**YOUR GOAL:** Please repeat the listing below exactly, but do not include its pictures.

**EXTRACTED INFORMATION:**
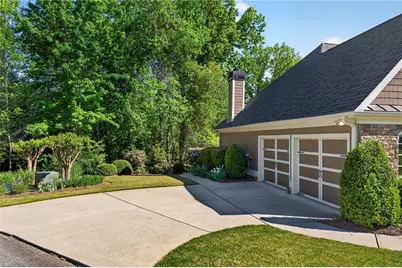 14 High Trestle Court, Dahlonega, GA 30533 - Photo 65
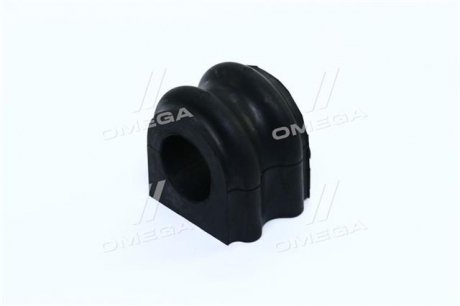 GBUD-011 ONNURI Втулка стабилизатора передн. CHEVROLET EPICA 03-96859498 (выр-во ONNURI)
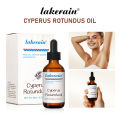 Cyperus Rotundus Oil Inhibit Hair Growth Reducing Redness Armpit Legs Arms Body Deeply Moisturize Nourish Repair Skin Unisex. 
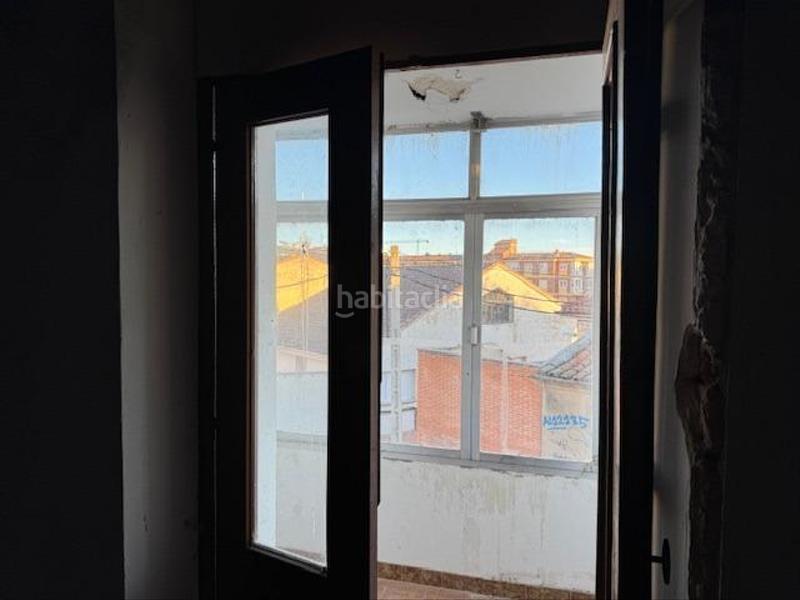 Foto fe364cbc-358d-42af-99ea-8378483b9246. Casa a San Lázaro Zamora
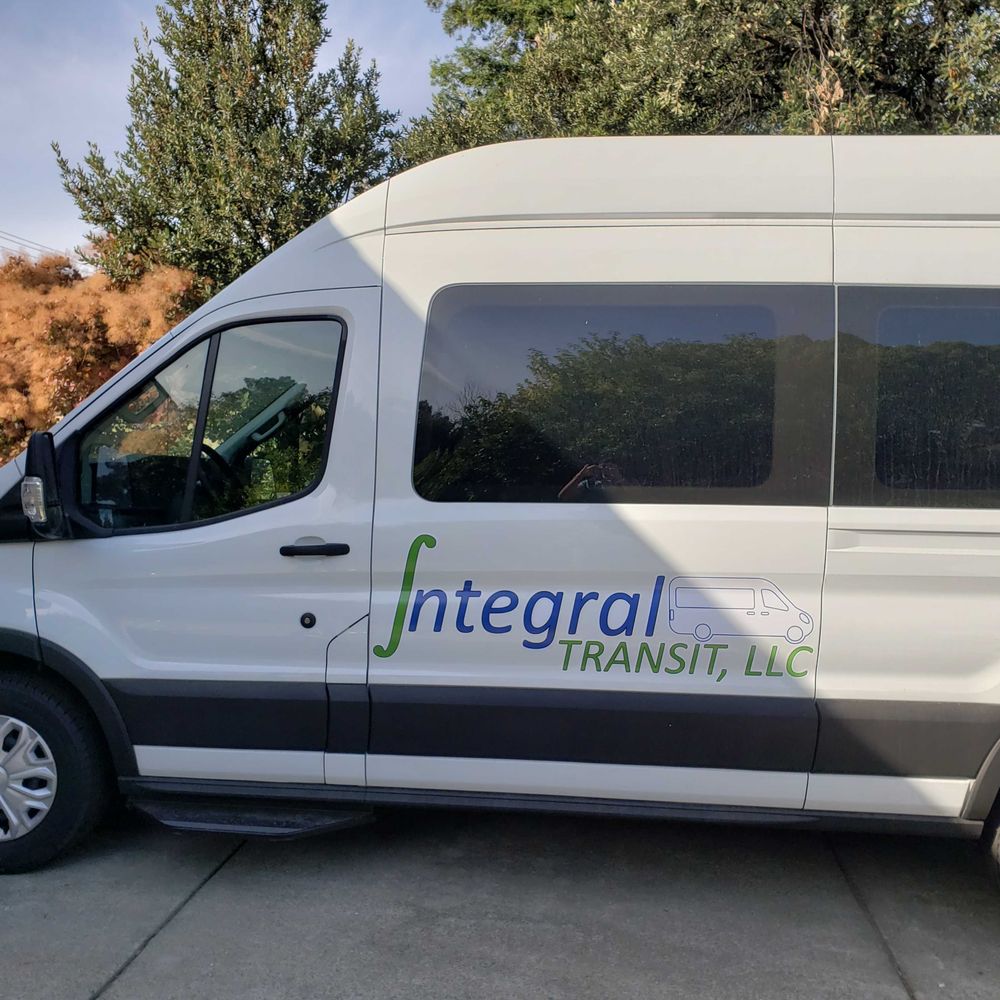 TOP 10 BEST Wheelchair Transportation near Benicia, CA - Updated 2026 - Yelp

**EXERCISE ANSWER:**
 14 High Trestle Court, Dahlonega, GA 30533 - Photo 65
 GBUD-011 ONNURI Втулка стабилизатора передн. CHEVROLET EPICA 03-96859498 (выр-во ONNURI)
 Cyperus Rotundus Oil Inhibit Hair Growth Reducing Redness Armpit Legs Arms Body Deeply Moisturize Nourish Repair Skin Unisex. 
 Foto fe364cbc-358d-42af-99ea-8378483b9246. Casa a San Lázaro Zamora
 TOP 10 BEST Wheelchair Transportation near Benicia, CA - Updated 2026 - Yelp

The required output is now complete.